Mr Moon also called for a quick resumption of dialogue between the United States and North Korea.

South Korea says North Korean leader Kim Jong Un has invited President Moon Jae-in for a summit meeting in the North.

Mr Moon’s spokesman Kim Eui-kyeom said that Mr Kim’s sister verbally delivered his offer during a lunch meeting with Mr Moon at Seoul’s presidential palace.

The spokesman said Mr Moon replied that the North and South should continue to work to build conditions so that a summit can take place.

The spokesman said Mr Moon also called for a quick resumption of dialogue between the United States and North Korea.

Mr Moon’s office says Mr Kim’s sister, Kim Yo Jong, came to the South as his special envoy.

Kim Yo Jong, sister of North Korean leader Kim Jong Un (Kim Ju-sung/Yonhap via AP)

Past “charm offensives” have been interpreted as North Korea trying to recoup from crippling sanctions on their nuclear programme, or trying to drive a wedge between Seoul and its US ally.

Even so, there’s also cautious optimism, or curiosity at least.
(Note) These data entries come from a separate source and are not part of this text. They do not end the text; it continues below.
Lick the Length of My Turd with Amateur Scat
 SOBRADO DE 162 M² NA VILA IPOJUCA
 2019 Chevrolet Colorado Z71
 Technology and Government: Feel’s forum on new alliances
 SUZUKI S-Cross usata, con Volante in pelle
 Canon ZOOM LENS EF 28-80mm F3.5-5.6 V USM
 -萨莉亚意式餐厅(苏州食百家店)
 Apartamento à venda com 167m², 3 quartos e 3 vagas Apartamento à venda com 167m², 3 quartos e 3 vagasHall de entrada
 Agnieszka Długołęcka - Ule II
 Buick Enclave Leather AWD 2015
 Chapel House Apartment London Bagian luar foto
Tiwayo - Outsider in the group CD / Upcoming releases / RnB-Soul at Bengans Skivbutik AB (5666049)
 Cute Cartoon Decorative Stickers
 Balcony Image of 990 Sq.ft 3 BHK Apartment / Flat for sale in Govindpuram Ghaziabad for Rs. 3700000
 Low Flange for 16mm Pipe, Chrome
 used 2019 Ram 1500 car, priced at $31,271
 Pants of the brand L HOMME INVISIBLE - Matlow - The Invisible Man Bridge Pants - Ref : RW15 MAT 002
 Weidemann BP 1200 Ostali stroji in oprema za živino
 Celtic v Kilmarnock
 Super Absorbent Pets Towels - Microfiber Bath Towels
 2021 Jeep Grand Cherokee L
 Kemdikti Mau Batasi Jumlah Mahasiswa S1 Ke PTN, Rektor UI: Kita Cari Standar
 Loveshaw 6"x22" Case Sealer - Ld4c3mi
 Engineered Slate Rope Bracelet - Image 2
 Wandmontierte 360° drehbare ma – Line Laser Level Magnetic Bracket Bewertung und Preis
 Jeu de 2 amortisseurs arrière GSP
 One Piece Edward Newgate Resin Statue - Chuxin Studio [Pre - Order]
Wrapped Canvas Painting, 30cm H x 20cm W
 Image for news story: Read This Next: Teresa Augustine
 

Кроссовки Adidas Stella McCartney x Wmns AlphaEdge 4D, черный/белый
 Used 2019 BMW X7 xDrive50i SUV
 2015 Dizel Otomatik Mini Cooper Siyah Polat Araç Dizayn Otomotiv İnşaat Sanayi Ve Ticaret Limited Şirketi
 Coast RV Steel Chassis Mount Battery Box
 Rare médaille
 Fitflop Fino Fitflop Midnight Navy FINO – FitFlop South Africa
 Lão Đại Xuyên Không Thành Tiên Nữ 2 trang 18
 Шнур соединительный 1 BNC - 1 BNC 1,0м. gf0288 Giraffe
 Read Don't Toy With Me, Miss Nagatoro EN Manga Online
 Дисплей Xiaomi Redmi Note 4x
If peace is not imminent, a summit in Pyongyang between Mr Moon and Kim Jong Un seems better to most than the threats of recent months.

Mr Moon is eager to use Kim Yo Jong’s presence at the games to restore regular communication with North Korea and eventually pull it into nuclear talks.

Many in Seoul, however, while interested in the warming high-level contacts, are also tempering expectations for a real breakthrough.


There is worry too that the proposed summit Pyongyang may come with preconditions — a North Korean speciality.

A big one could be a demand to cease the US-South Korean war games that North Korea claims are preparation for invasion.

They start in March, and Washington has so far been adamant that they are crucial.

But Mr Moon, a liberal who has always wanted to engage the North, will also have to convince a good portion of his own people who are deeply wary about North Korean intentions.

After the threats, missile launches and general nastiness from the North over the last year, there is still a lot of anger, fear and scepticism in the South.